The largest institutional investors in the world are increasingly looking for investments that generate positive "contractual" cash flows, as opposed to mark-to-market paper gains, according to both panelists and attendees at the Skybridge Alternatives Investor Summit.
Greg Zuckerman of the Wall Street Journal moderated a panel with the misleading title "A Balancing Act: Current Trends in Alternative Asset Allocation." I say misleading because of phrase "balancing act" implies a tight rope walker carefully stepping forward.
But the panelists were not hesitantly tapping toes on a wire — they were very confident in their desire to move away from "global macro" and toward cash flow producing fixed income investments.
"We're looking at strategies that throw off cash flow ... substantive gains," said Skybridge Capital managing partner Ray Nolte.
"We're trying to get away from macro and mark to market gains," Mark Okada, co-founder and chief investment officer of Highland Capital Management, L.P. said.
In practical terms, this means shifting out of equity focused strategies and toward fixed income. Think commercial mortgage backed securities (CMBS), high yield bonds, and other arrangements where, as Okada said, "I know what I'll be paid, [and] when..."

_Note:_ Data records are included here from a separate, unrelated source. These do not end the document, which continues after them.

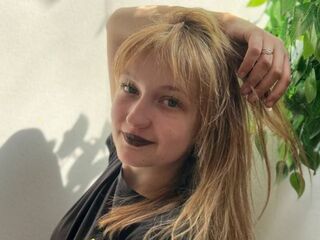 girl showing tits MarryMartins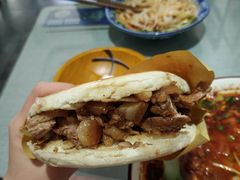 陕西精品腊汁肉夹馍-大嘻咹biangbiang面(历史博物馆店)
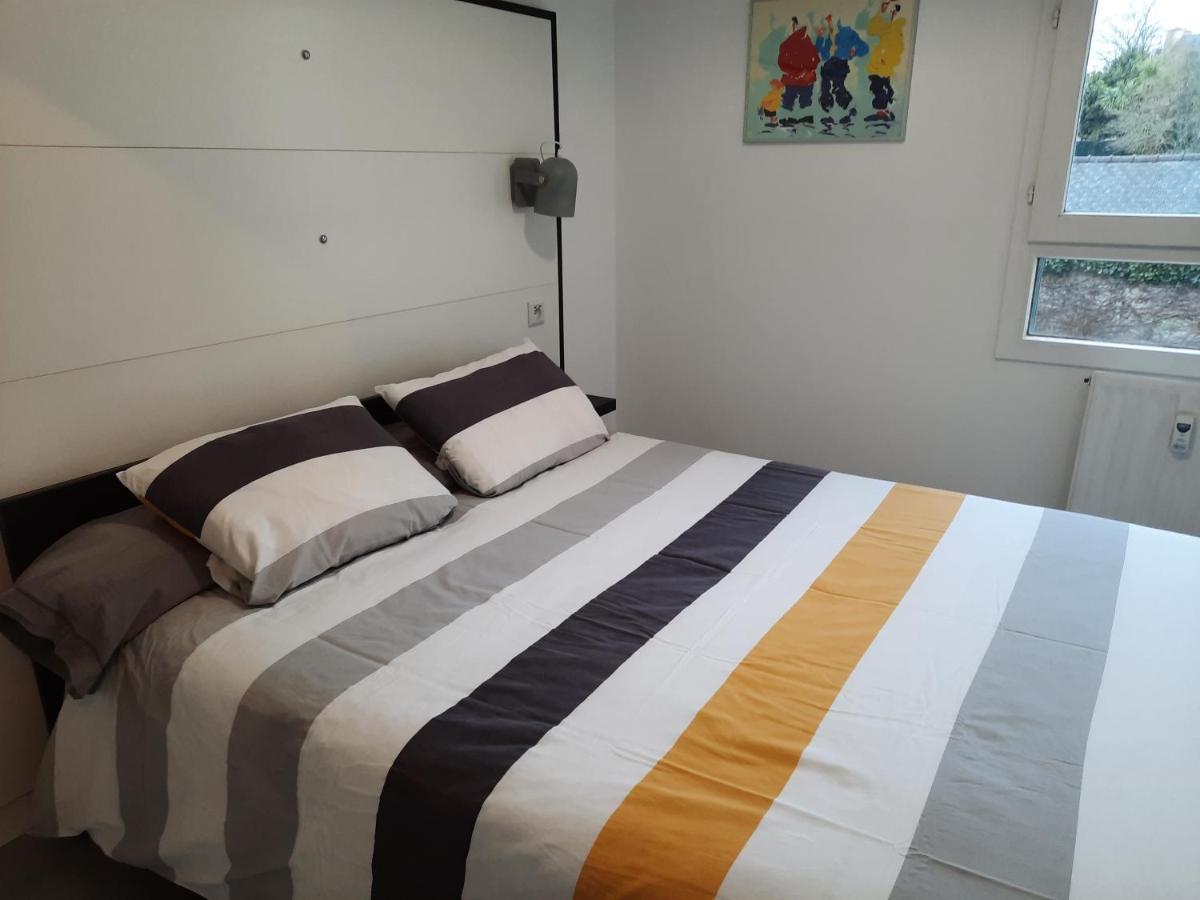 La Poterie - Appartement Avec Balcon Et Parking Prive Quimper Exterior photo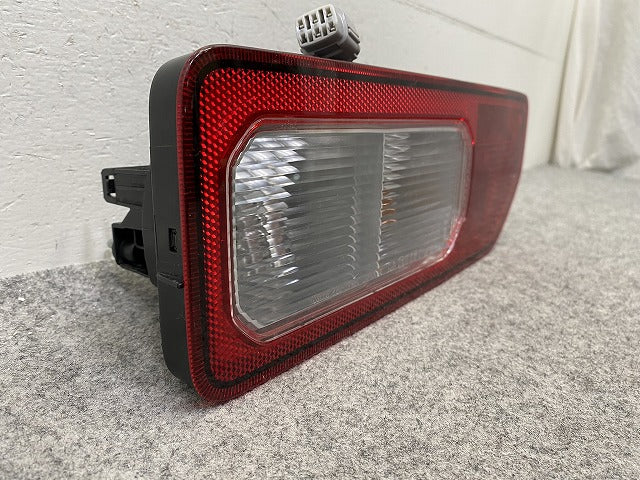 ジムニー/ジムニーシエラ JB64W/JB74W 純正 右 テールランプ/ライト/レンズ LED KOITO 220-5938C スズキ(148601)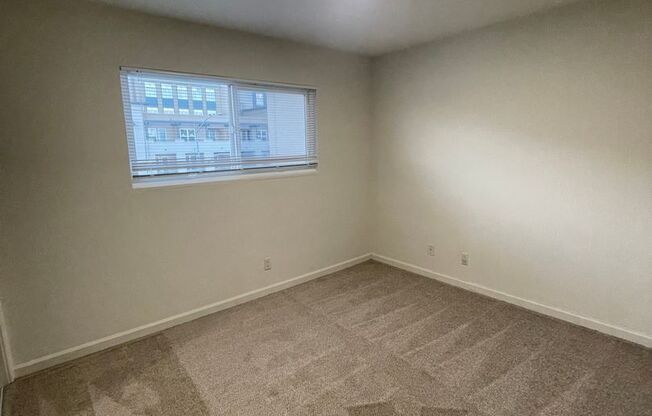 1 bed, 1 bath, $2,295, Unit 19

Of course, these kind of changes are relative. No one is talking about moving all funds from one strategy to another. They are discussing how capital is being allocated right now.

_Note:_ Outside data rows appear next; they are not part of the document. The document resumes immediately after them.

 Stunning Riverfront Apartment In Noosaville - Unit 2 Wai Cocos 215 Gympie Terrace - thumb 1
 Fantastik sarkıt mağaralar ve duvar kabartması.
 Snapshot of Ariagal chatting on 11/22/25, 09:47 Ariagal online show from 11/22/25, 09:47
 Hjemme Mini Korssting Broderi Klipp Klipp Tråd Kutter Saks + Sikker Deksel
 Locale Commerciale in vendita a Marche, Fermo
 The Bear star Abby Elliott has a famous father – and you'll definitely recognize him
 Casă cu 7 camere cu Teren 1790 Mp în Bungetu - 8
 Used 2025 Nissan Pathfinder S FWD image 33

After years in which trauma in the global macro-economy drove many investors toward so-called "global macro" strategies, there is now apparently a shift underway. And it is being felt on the ground level, by folks whose job it is to raise capital for hedge fund managers.

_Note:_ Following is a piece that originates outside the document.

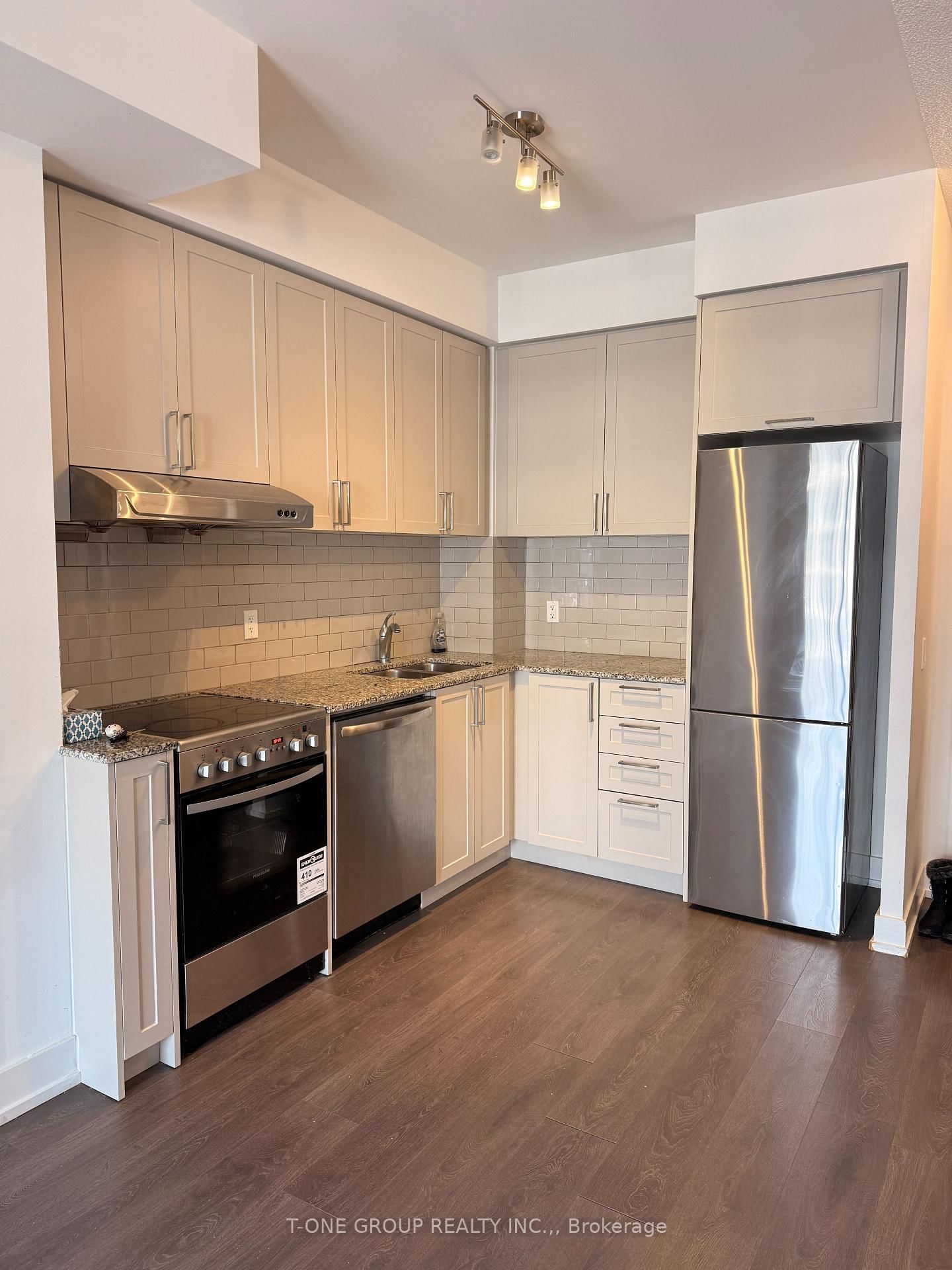 278 Buchanan Dr 605E - Photo 6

"Right now, it's a tough environment for equity managers. You can raise money if you are absolutely demolishing the benchmarks. If you returned 25 percent in an equity strategy last year while the S&P was up a couple of points, you can raise money, otherwise, everyone just wants fixed income, CMBS," one guy who works in "capital introductions" (basically, selling hedge fund investments to institutional investors) at a major prime brokerage explained.
He hadn't even been at the panel. "Allocators are terrified of the vol in equities," the cap intro guy said.
This too echoed the words of one of the panelists. "We've had a tremendous and intolerable volatility in equities," Kenneth Heiz, president of Hedge Fund Research said.
Is it any wonder, then, that trading volume has remained so low in stocks?